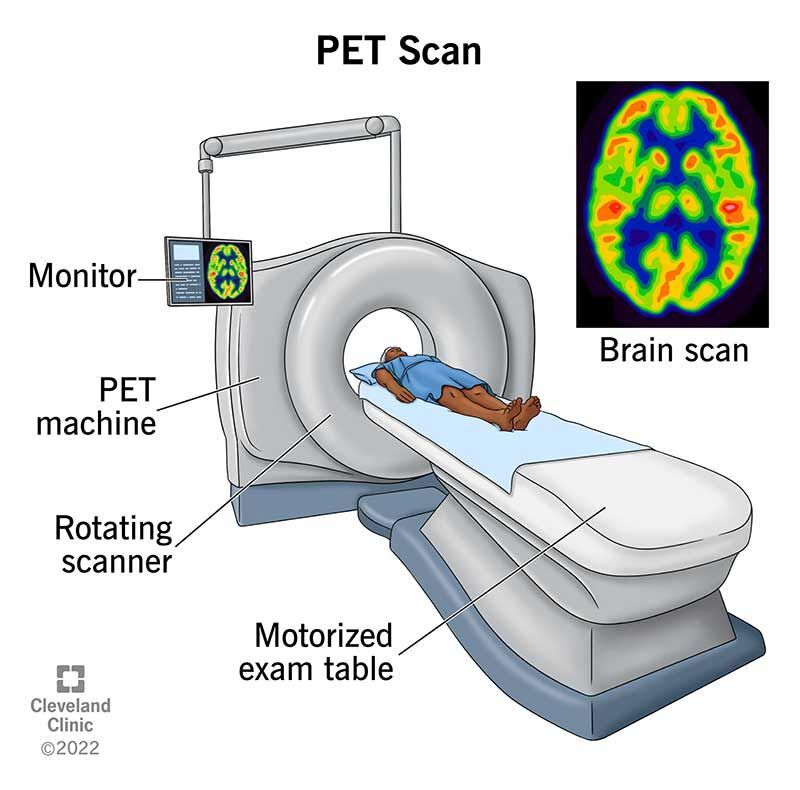 IRM et scanner contrastes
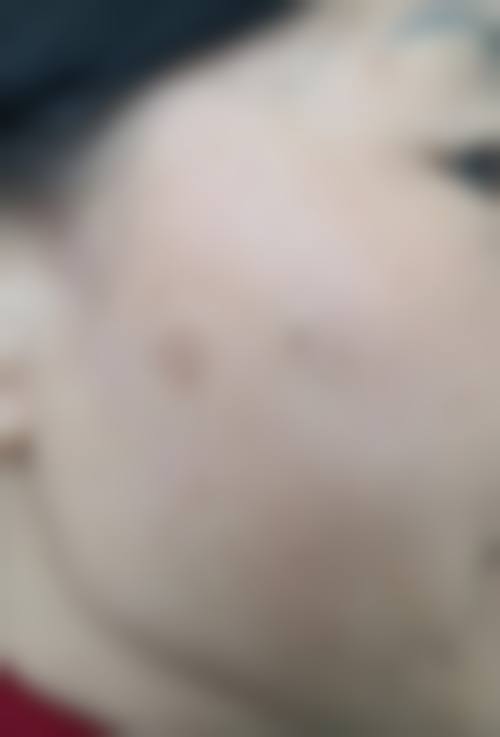 十、东莞星娅整形医院口碑与评价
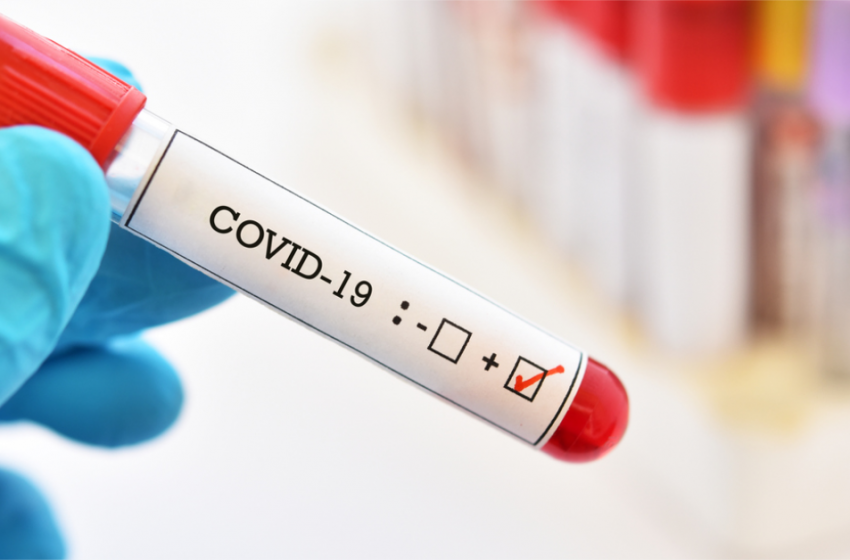 The US passes over 30 million coronavirus cases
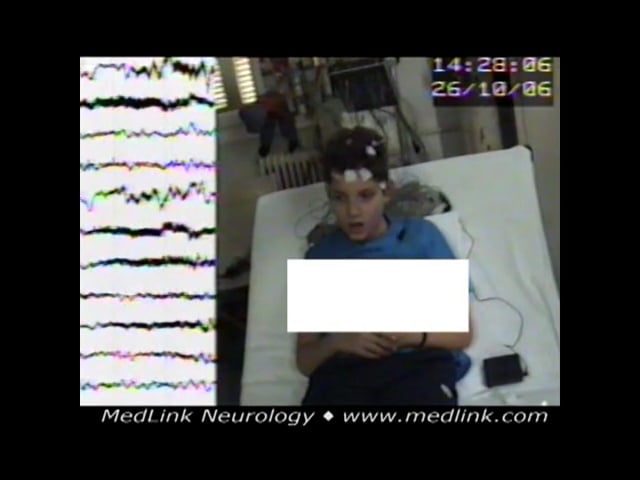 Myoclonic absence seizure of idiopathic (unknown) cause (1)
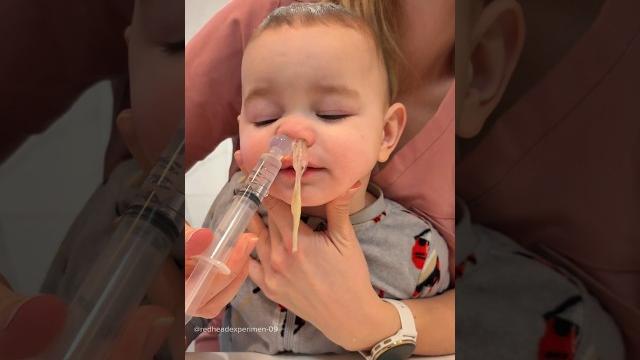 Too much mucus coming out of baby's nose #shorts #trending Too much mucus coming out of baby's nose #shorts #trending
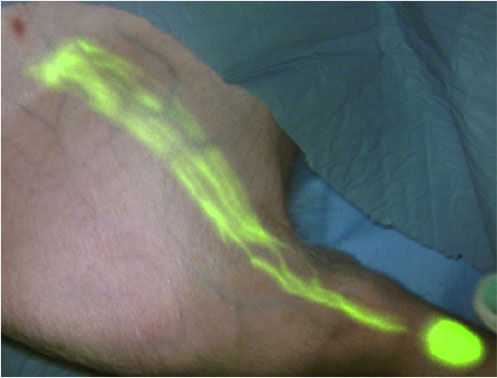 NIR fluorescence imaging shows hidden detail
▬▬▬▬▬▬
• Task directions: Everything in the records should be repeated exactly except the images.

• Task response:
 IRM et scanner contrastes
 十、东莞星娅整形医院口碑与评价
 The US passes over 30 million coronavirus cases
 Myoclonic absence seizure of idiopathic (unknown) cause (1)
 Too much mucus coming out of baby's nose #shorts #trending Too much mucus coming out of baby's nose #shorts #trending
 NIR fluorescence imaging shows hidden detail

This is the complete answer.